Les pratiques d’avortement clandestin deviennent de plus en plus fréquentes à Marrakech. Vendredi dernier, 3 médecins et un pilote de ligne, impliqués dans plusieurs affaires d’avortement clandestin, ont été interpellés et déférés devant le parquet général.




L’affaire a été dévoilée quand deux femmes, jugées dans une affaire d’avortement, ont révélé les noms de leurs médecins traitants, qui ont essayé de nier les faits avant finalement de tout reconnaitre. Le pilote de ligne, qui a tout de même 24 ans de métier, se chargeait d’importer Artotec, un médicament utilisé dans l’avortement planifié, mais interdit par les autorités sanitaires marocaines depuis juillet 2018.

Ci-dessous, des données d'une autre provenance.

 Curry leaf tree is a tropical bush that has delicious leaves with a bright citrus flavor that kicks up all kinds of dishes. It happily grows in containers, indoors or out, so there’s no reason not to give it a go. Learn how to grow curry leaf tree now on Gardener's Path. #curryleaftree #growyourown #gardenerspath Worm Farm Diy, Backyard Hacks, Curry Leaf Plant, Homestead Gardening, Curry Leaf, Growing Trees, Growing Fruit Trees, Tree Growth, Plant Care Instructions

Selon les déclarations du médecin, qui se faisait assister par deux internes, ces avortements étaient pratiqués depuis trois ans dans une maison privée à Marrakech, moyennant une rémunération d’au moins 3.000 dhs par acte.
Au Maroc, le nombre d’avortements évolue de manière alarmante; les statistiques de l’Association marocaine pour la planification familiale font état de 50.000 à 80.000 cas d’avortements enregistrés annuellement au Maroc, et 4.2% des décès maternels sont provoqués par l’avortement clandestin.

En dépit des efforts déployés par certaines associations en vue de légaliser l’avortement, la législation marocaine continue à criminaliser cet acte, et ne l’autorise que dans les rares cas où il représente un danger pour la santé de la mère, de malformations foetales, de viol et inceste, ou quand la mère présente de sérieux troubles mentaux.